By Vijay Gunuganti, MD
Kidney cancer, also known as renal cell carcinoma, strikes an estimated 40,000 patients in the United States each year, representing 2 to 3 percent of all cancers diagnosed annually. Most cases of kidney cancer arise from unknown causes, but smoking and high blood pressure are known risk factors of the disease. About one third to half will have metastasis at the time of diagnosis or after nephrectomy.
Recently, the FDA has approved two new drugs for the treatment of metastatic renal cell carcinoma – Sorafenib (Nexavar: Onyx-Bayer) and Sunitnib (SUTENT: Pfizer) in December 2005 and January 2006, respectively. The last time the FDA approved any treatment for this disease was in 1992, with Interleukin-2 .
Conventional chemotherapy has proven to be a weak weapon against kidney cancer, because the very cells that the drugs attack are programmed to handle toxic substances.
Typical treatment for kidney cancer is surgery, followed by use of the biologic therapy agents Interferon alfa or Interleukin-2. Both drugs are similar to substances naturally made by the body's immune system and work by boosting the defense system to help fight off or destroy cancer cells, which has always been a fairly weak way to affect tumors.
Sorafenib (Nexavar: Onyx-Bayer) was approved in December, 2005 after a large, placebo controlled randomized trial was shown to delay progression of kidney cancer. Sorafenib acts by inhibiting two proteins, one that boosts the growth of the cancer cells themselves (RAF kinase) and one that sustains blood vessels, which nourish the tumors (angiogenesis).
More than 900 patients with advanced kidney cancer, who had previously failed one prior systemic therapy, were randomized in a multi-national, placebo-controlled Phase III study. Participating patients were randomized to either 400 mg sorafenib or placebo twice daily.
In this study, as assessed by independent radiological review, the median progression-free survival rate in the sorafenib group was 24 weeks (6 months) compared with 12 weeks (3 months) for patients receiving placebo. In addition, 74 percent of people receiving the new biological therapy saw their tumors shrink or stabilize, compared to 20 percent of those taking the placebo.

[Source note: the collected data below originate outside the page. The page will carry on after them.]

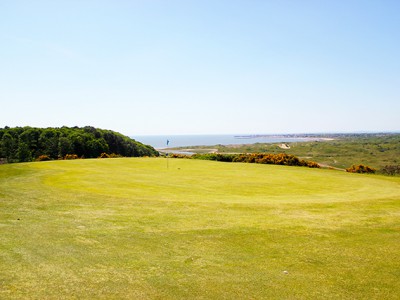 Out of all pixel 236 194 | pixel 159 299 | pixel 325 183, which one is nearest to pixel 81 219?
pixel 159 299

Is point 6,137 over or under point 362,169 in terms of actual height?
over

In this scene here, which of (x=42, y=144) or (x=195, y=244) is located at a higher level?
(x=42, y=144)

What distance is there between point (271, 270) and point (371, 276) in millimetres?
2598

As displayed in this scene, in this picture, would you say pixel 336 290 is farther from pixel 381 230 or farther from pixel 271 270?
pixel 381 230

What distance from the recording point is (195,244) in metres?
10.8

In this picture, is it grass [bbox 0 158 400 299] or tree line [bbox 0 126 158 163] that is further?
tree line [bbox 0 126 158 163]

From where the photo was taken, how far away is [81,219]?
1332cm

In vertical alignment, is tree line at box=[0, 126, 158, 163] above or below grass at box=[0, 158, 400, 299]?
above

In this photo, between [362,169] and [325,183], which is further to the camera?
[362,169]

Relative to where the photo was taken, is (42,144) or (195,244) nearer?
(195,244)

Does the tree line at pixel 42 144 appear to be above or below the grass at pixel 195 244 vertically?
above

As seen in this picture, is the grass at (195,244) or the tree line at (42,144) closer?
the grass at (195,244)

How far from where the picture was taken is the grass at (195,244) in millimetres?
7773

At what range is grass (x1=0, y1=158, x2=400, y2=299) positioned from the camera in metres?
7.77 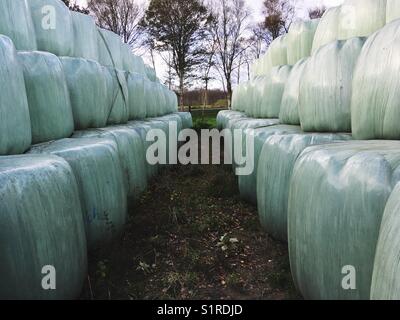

Side effects of this medication are generally well tolerated and include rash, increased blood pressure and blisters on the palms of the hands or soles of the feet.
Sunitnib (SUTENT: Pfizer) was approved in January 2006, based on two phase II trials enrolling 169 individuals, who showed progression free survival of 8.3 months and with objective response seen in 26 to 36 percent of patients who had failed prior Interferon treatment. The duration of response was six to 12 months. Sutent is a multi-targeted agent which inhibits several proteins responsible for tumor growth and angiogenesis-like vascular endothelial growth factor (VEGF, PDGFR and others).
In another Sunitinib study, researchers enrolled 750 patients (375 in each arm) and patients were randomly assigned to receive either Interferon (IFN-•) or Sunitinib. Patients who were treated with Sunitnib had longer progression-free survival than patients on Interferon. Median Progression-free survival assessed by third-party independent review was 47 weeks (11 months) for Sunitinib versus 25 weeks (6 months) for IFN-•. The objective response rate (maximum tumor shrinkage of more than 50 percent) was 25 percent for Sunitinib versus 5 percent for IFN-•. Patients treated with Sunitinib were somewhat more likely to experience diarrhea, high blood pressure and “hand-foot syndrome,” a condition characterized by tenderness and sensitivity in the hands and feet.
Another new target agent called Temsirolimus (Wyeth) was studied involving patients with advanced kidney cancer who were considered to have a poor prognosis. Temsirolimus is an agent that attacks mTOR, a protein that controls the molecular cascade required for cells to proliferate.
Although mTOR exists in all cells, it is overexpressed in cancer cells. Cancer researchers believe that by attacking this target in cancer cells the damage will be limited to the malignancy rather than healthy cells.
The 209 patients getting Interferon lived an average of 7.3 months after starting treatment, while the 207 patients on Temsirolimus survived 10.3 months. Another 210 patients received both agents in a combination therapy, but they fared only slightly better than those getting Interferon alone.
Despite these encouraging advancements, medical science has still got a long way to go. None of these drugs, to our knowledge, puts renal cancer in complete remission.
There is never a good time to have cancer, but this is clearly a promising time for treating kidney cancer patients, because in the last two months, two new drugs have been added to fight the disease, after having no new drugs approved since 1992.
It’s still unclear how long the effects of the drug last or whether patients will have to take the drug for the rest of their lives to maintain their benefits. Further, no one knows whether one of the newer treatments works better than the other, or whether treatment should be given immediately after surgery.
Vijay Gunuganti, MD is a Medical Oncologist who specializes in the treatment of kidney, bladder and prostate cancers in San Antonio and Bexar County.